### Exercise aim
Look through the records below for the line holding "Calacatta Viola Marble". Write it out exactly, with each following line through the line holding "English Bulldogs I".

### Extracted data
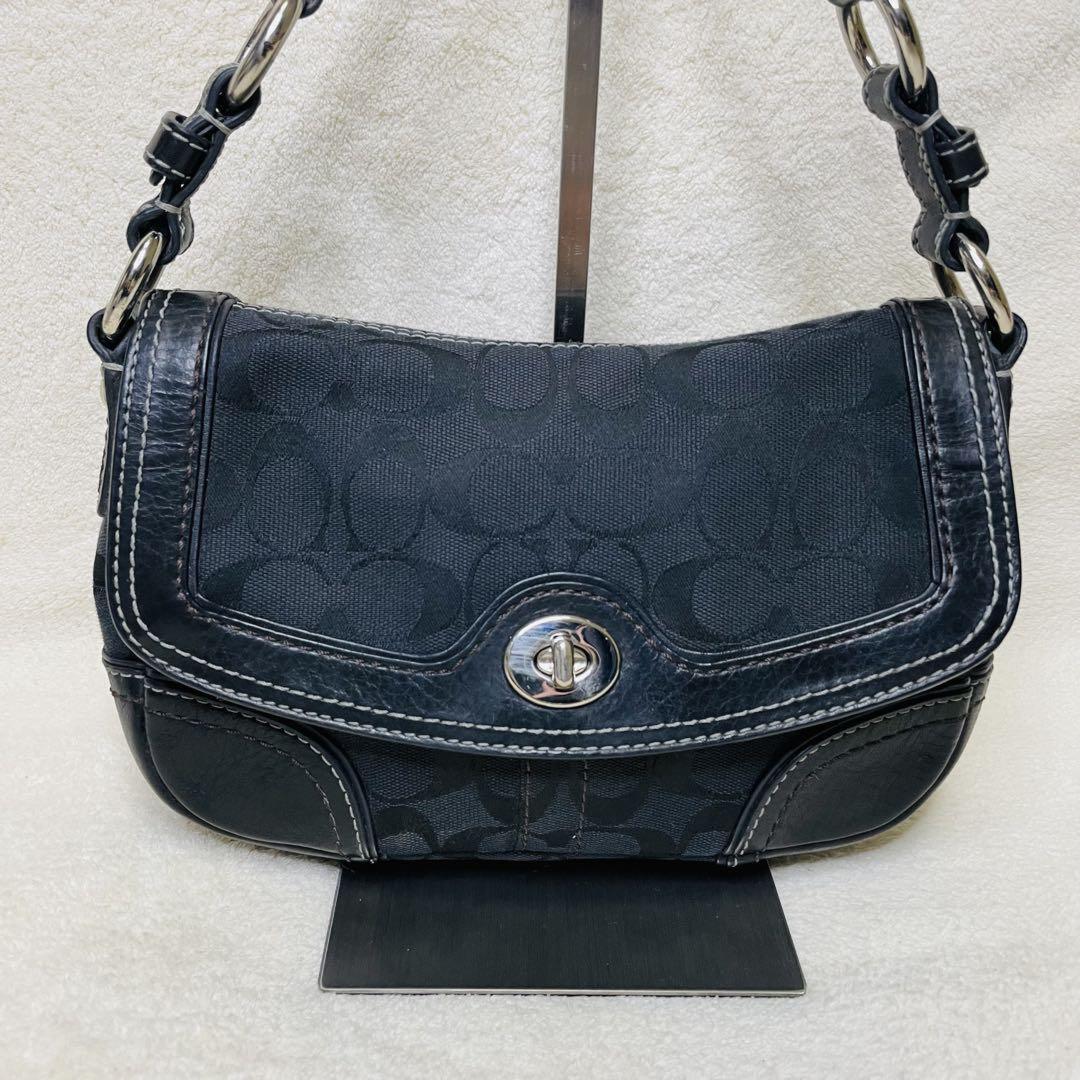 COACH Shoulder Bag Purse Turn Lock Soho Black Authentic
* * *
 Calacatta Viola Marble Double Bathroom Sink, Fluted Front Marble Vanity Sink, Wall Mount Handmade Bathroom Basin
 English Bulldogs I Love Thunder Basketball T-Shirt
...
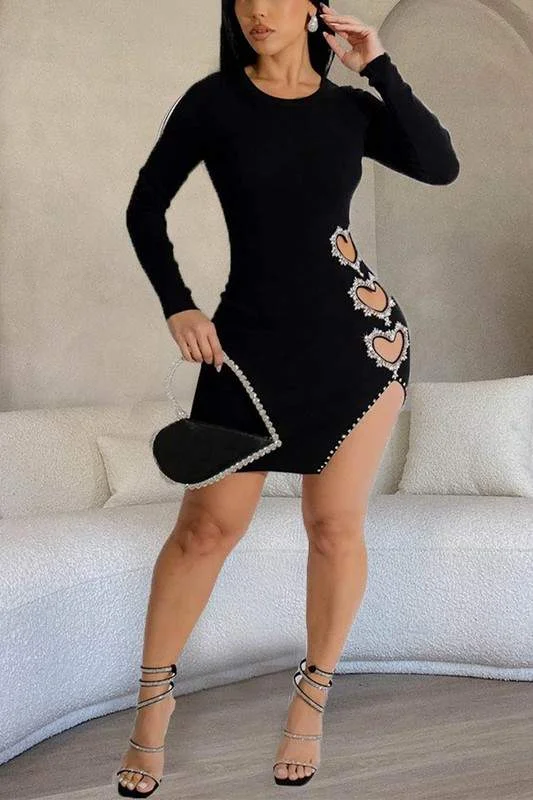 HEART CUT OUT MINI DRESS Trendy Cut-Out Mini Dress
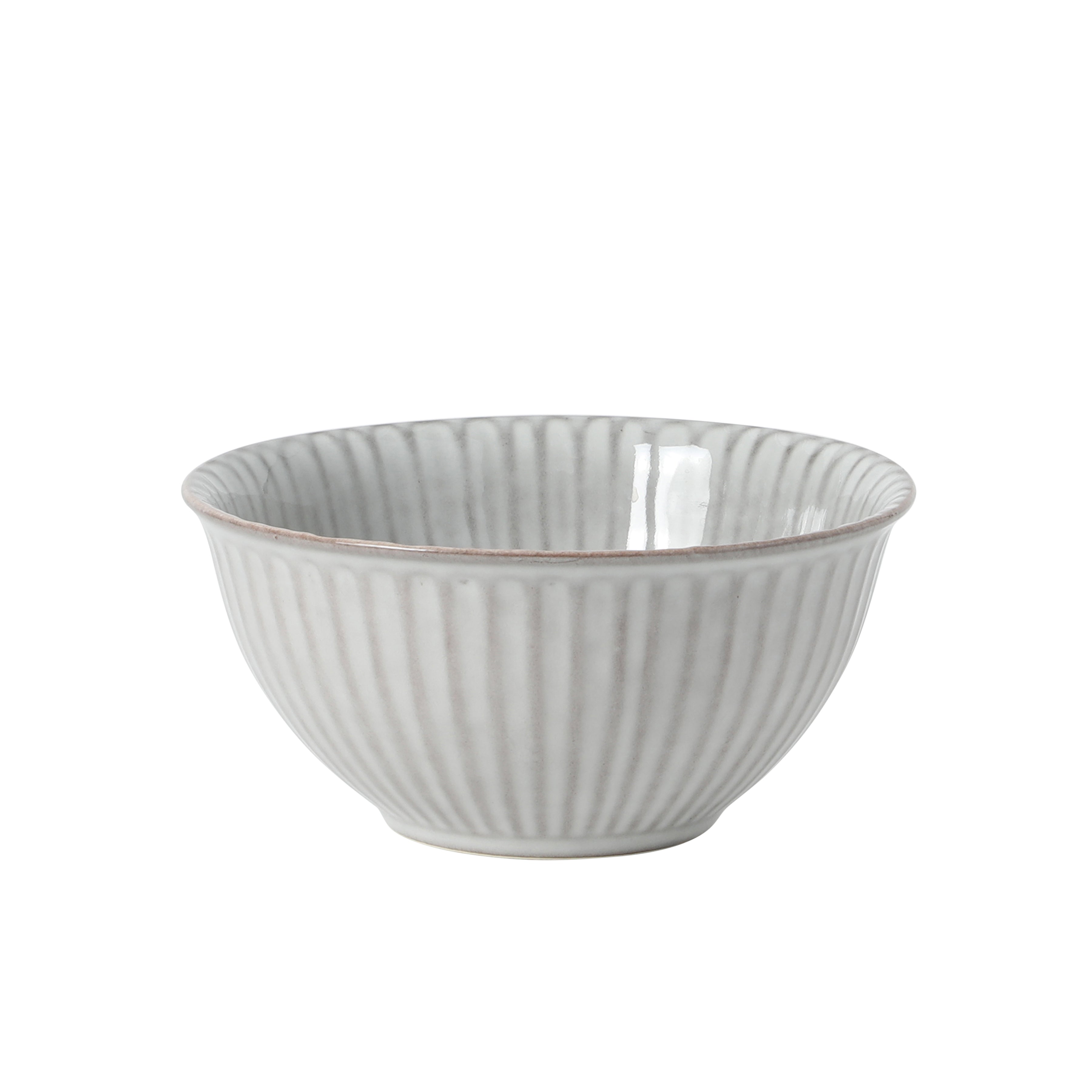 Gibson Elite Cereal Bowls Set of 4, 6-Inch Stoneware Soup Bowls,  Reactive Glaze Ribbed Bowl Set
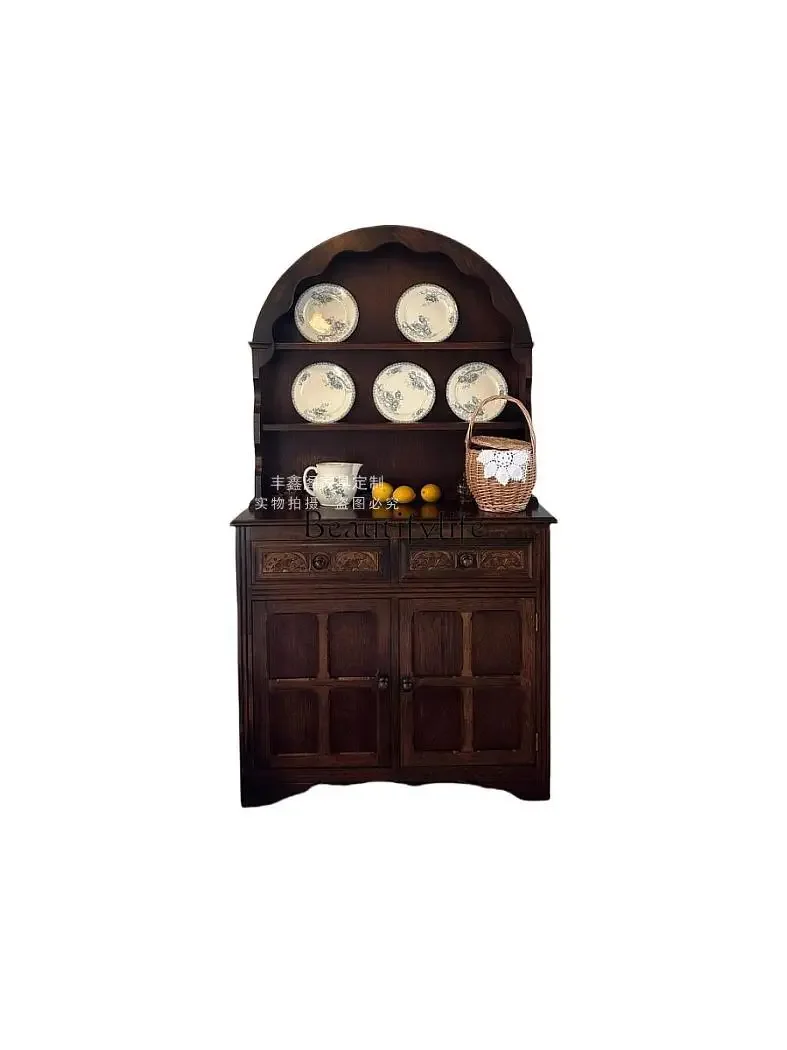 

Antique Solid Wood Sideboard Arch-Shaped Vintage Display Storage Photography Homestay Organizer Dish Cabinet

### Finished exercise
 Calacatta Viola Marble Double Bathroom Sink, Fluted Front Marble Vanity Sink, Wall Mount Handmade Bathroom Basin
 English Bulldogs I Love Thunder Basketball T-Shirt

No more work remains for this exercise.